Missingness Dependency
For analysis of missingness, we will utilize the ‘url’ column as it has the most significant missingness
KDA distribution when url is missing
The distribution of KDA when URL is missing and the distribution of KDA when URL is not missing.
This showcases a clear difference in the distributions; specifically, we can see that the distributions look similar however, they showcase a disparity in KDA rows that have missing urls and those that don’t. We tested if the missingness of the game url is dependent on KDA using a permutation test with a 5% cut-off p-value. Our test statistic was the diff in group means since the distributions look similar.
In this case, our hypothesis would be:
- null: the distribution of KDA when url is missing is the same as the distribution of KDA when url is not missing
For this examination, we received a p-value of 0.013 meaning that we have enough evidence to reject the null, or in other words, we can say that the missingness of url is dependent on KDA. While this was initially surprising, we can see that in the figure above, the distributions had an apparent similarity but were just different in size.
We also examined if the missingness of url was dependent on the result (win or loss) where our test statistic was TVD and we also utilized a permutation test with a 5% cut-off p-value.
In this case, our hypothesis would be:
- null: the distribution of results when url is missing is the same as the distribution of results when url is not missing
Empirical Distribution and Observed Statistic (result and url)
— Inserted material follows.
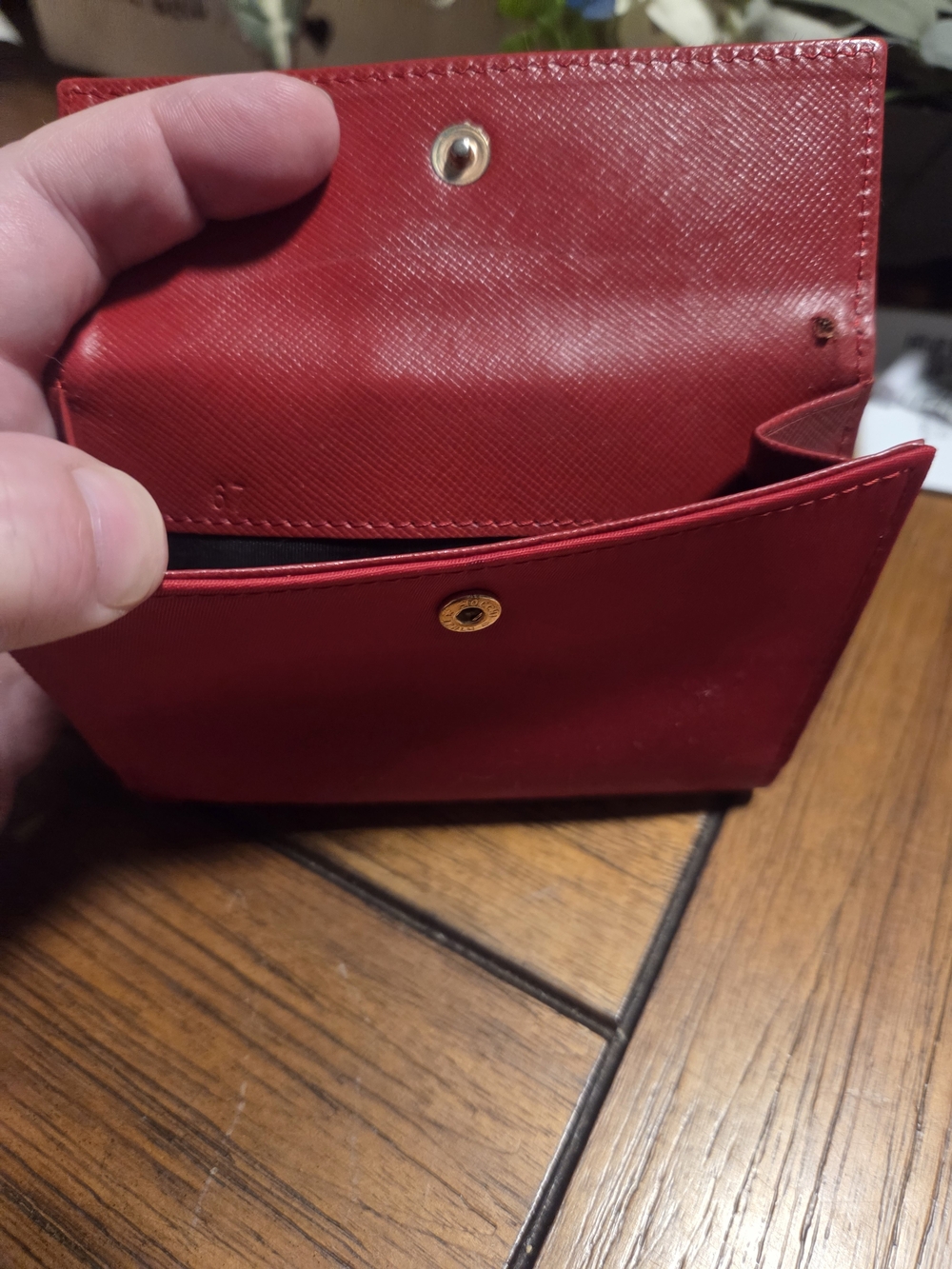Prada Red Triangular Logo Compact Wallet - Picture 5 of 10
- Observed Test Statistic = 0.00001318771
The result of this test was also surprising as the p-value was 0.989 which means we do not have enough evidence to reject the notion that the result is independent of url missingness. This was interesting as it seems consistent for the url to match data to be missing dependent on if the result was a loss or a win (perhaps heinous characters at play).
Hypothesis Testing
Given that we calculated the MVP score (i.e the MVPscore column), which is the score that roughly grades the performance of a player in their match, we performed a hypothesis test to answer our original question: is the best player always on the winning team? We believe this to be an accurate path to answering our question as MVP score takes into account not only things like KDA and damage dealt to other players (DTC), but also game stats like damage mitigated and vision score. This is done in order not to favor champions that specialize in dealing damage and take into account other aspects of being a good well rounded player; this also allows other champions and positions a shot at being the best!
We utilized a hypothesis test with a 5% cut-off p-value. The proportion of times that the best player (highest MVP per game) was on the winning side was the test statistic. This is similar to a hypothesis test done on a fair coin with an unfair coin as the observed; in which case the proportion of the bias is valid.
In this case, our hypothesis was:
- Null: The ‘best’ player is just as likely to be on the winning team as the losing team
- Alternative: The ‘best’ player is more likely to be on the winning team
Empirical Distribution and Observed Statistic (MVP)
- Observed Test Statistic = 0.9412947326095698
As can be ascertained from the above graph, the p-value was low; as a matter of fact, it was 0! This means that we can reject the null that the best player is likely to be on either side as our observation is not consistent with the hypothesis that the best player is equally likely to be on either the winning or losing side.
Conclusion
We can thus conclude that the null hypothesis put forth that the best player is equally likely to be on the winning and losing side in a competitive game of League of Legends cannot be supported by this data.